##### Given data #####
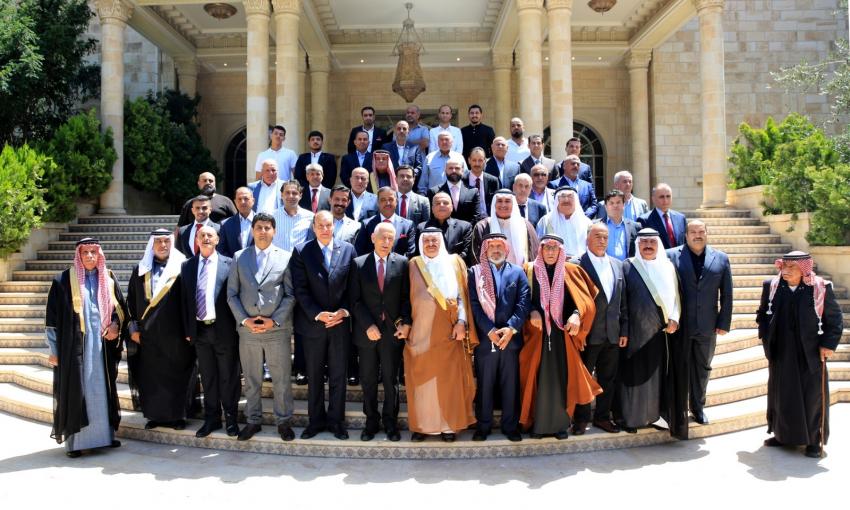 العيسوي يلتقي وفدا من وجهاء وأبناء الطفيلة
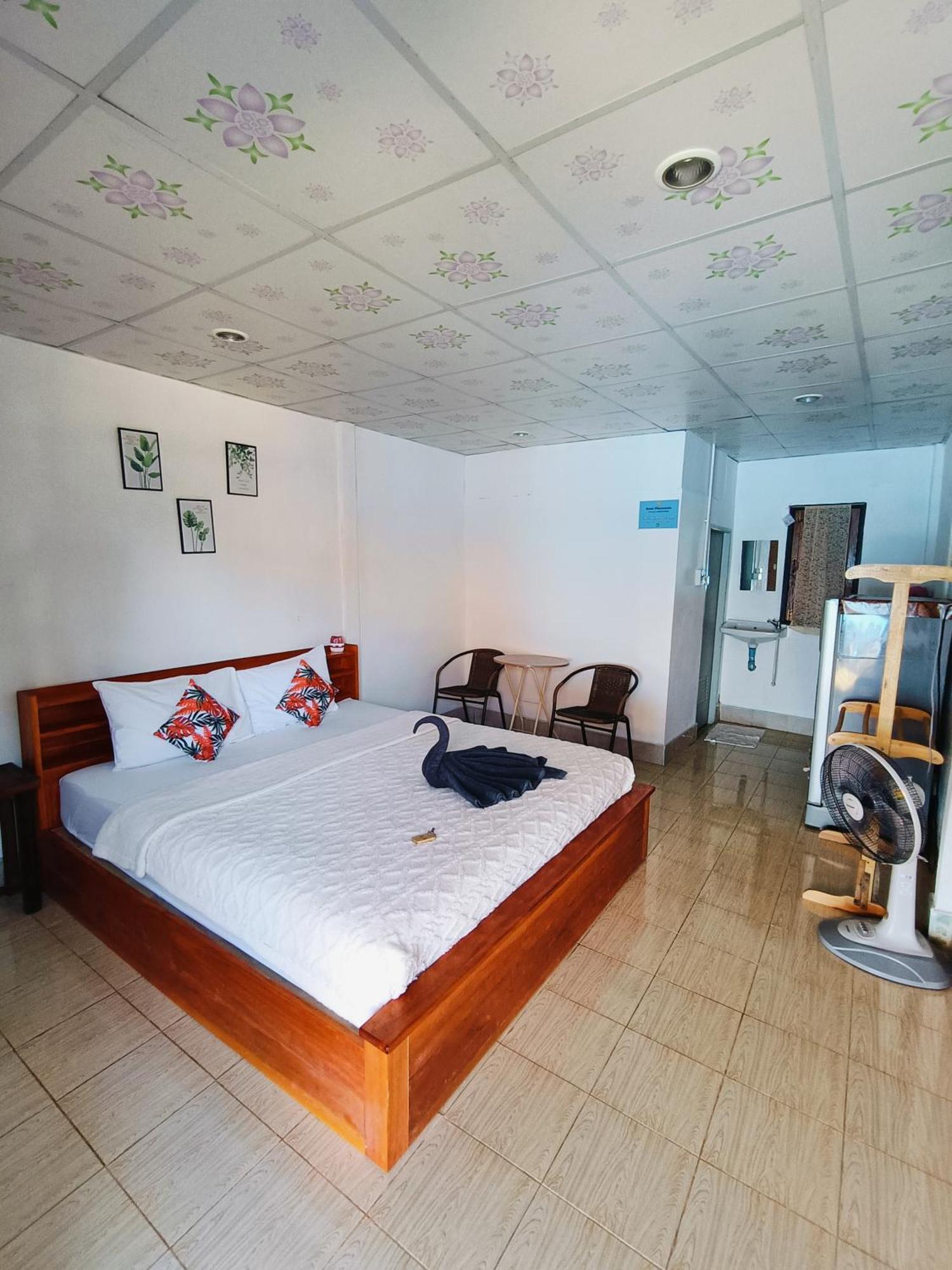 Baan Phuwamin Hotel Ko Lanta Стая снимка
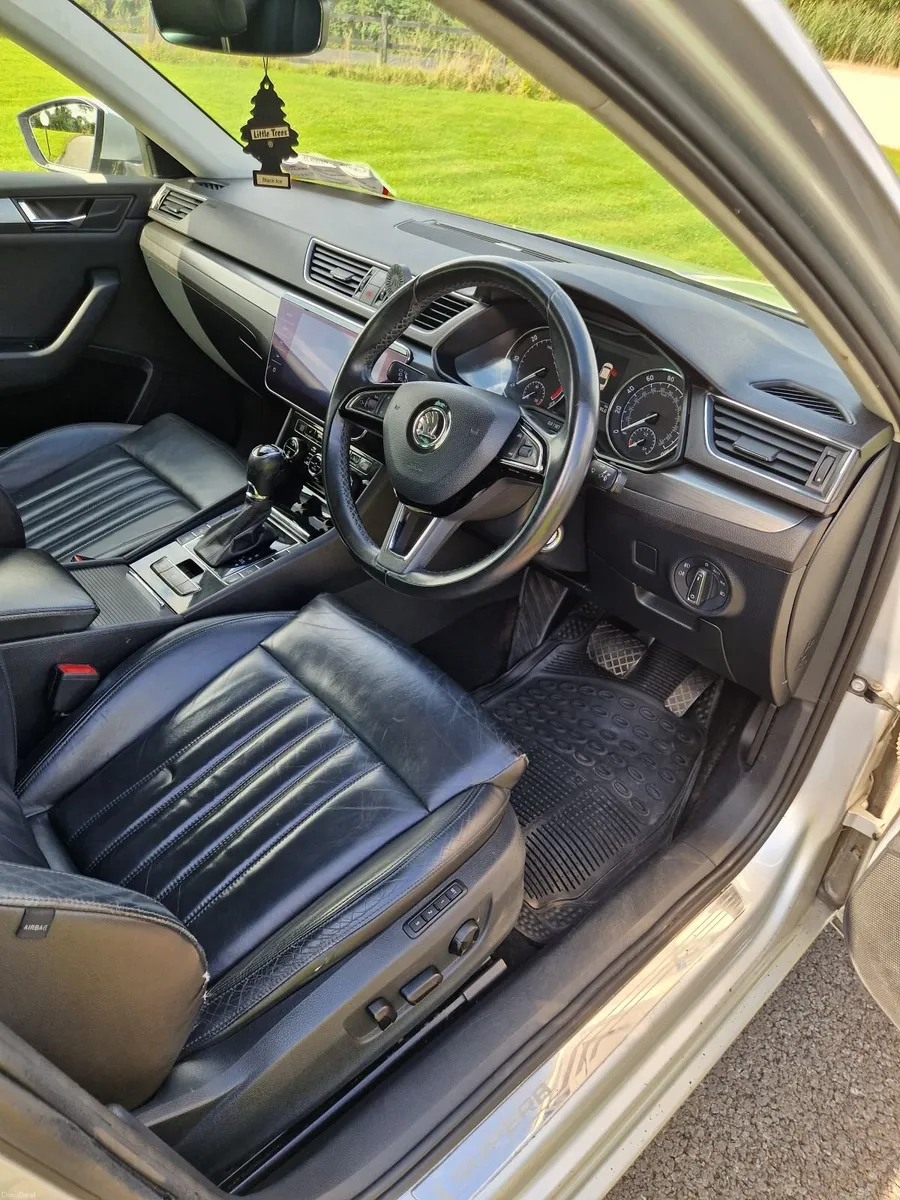 2019 Skoda Superb 2.0 TDI SEL Executive DSG | Leat - Image 4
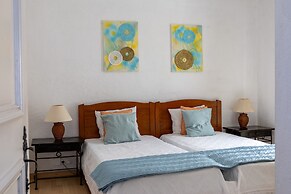 Lagos Sea and Pool Piedade Villa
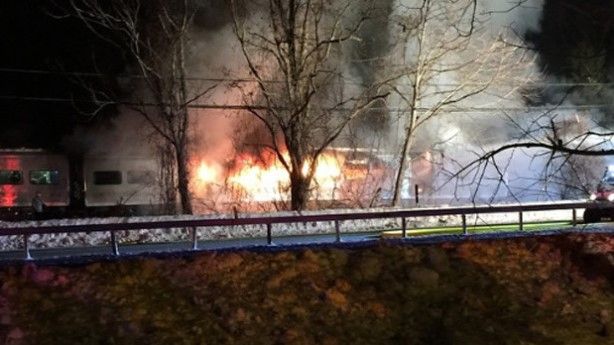 Suman 6 muertos por choque de tren en NY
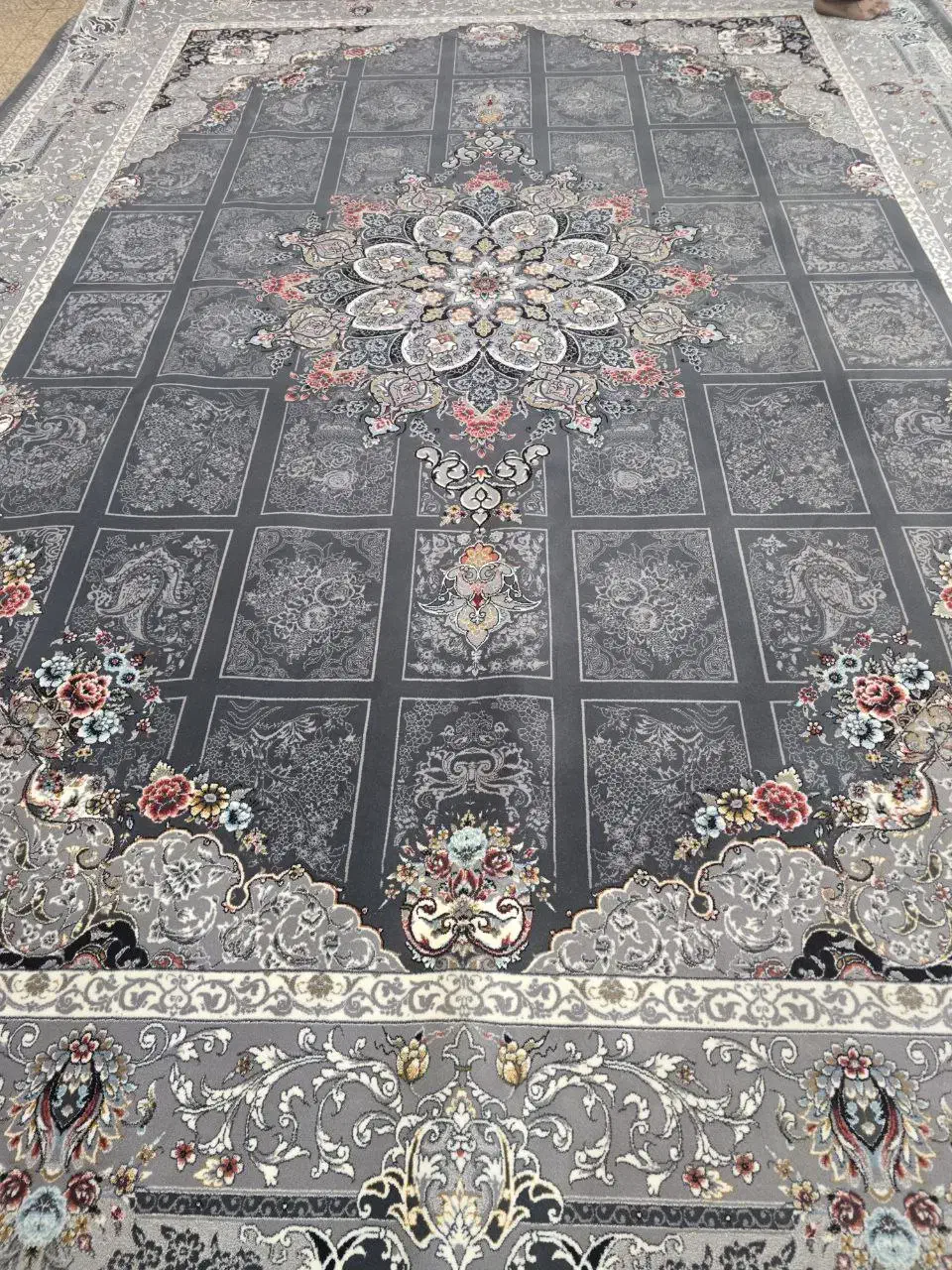 فرش ۹متری/ظرافت وزیبایی/ارسال ازکاشان به میاندوآب|فرش|میاندوآب, |دیوار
#####
● Activity: Please repeat all of the entries above word for word, but drop any pictures.

● Solution for this exercise:
 العيسوي يلتقي وفدا من وجهاء وأبناء الطفيلة
 Baan Phuwamin Hotel Ko Lanta Стая снимка
 2019 Skoda Superb 2.0 TDI SEL Executive DSG | Leat - Image 4
 Lagos Sea and Pool Piedade Villa
 Suman 6 muertos por choque de tren en NY
 فرش ۹متری/ظرافت وزیبایی/ارسال ازکاشان به میاندوآب|فرش|میاندوآب, |دیوار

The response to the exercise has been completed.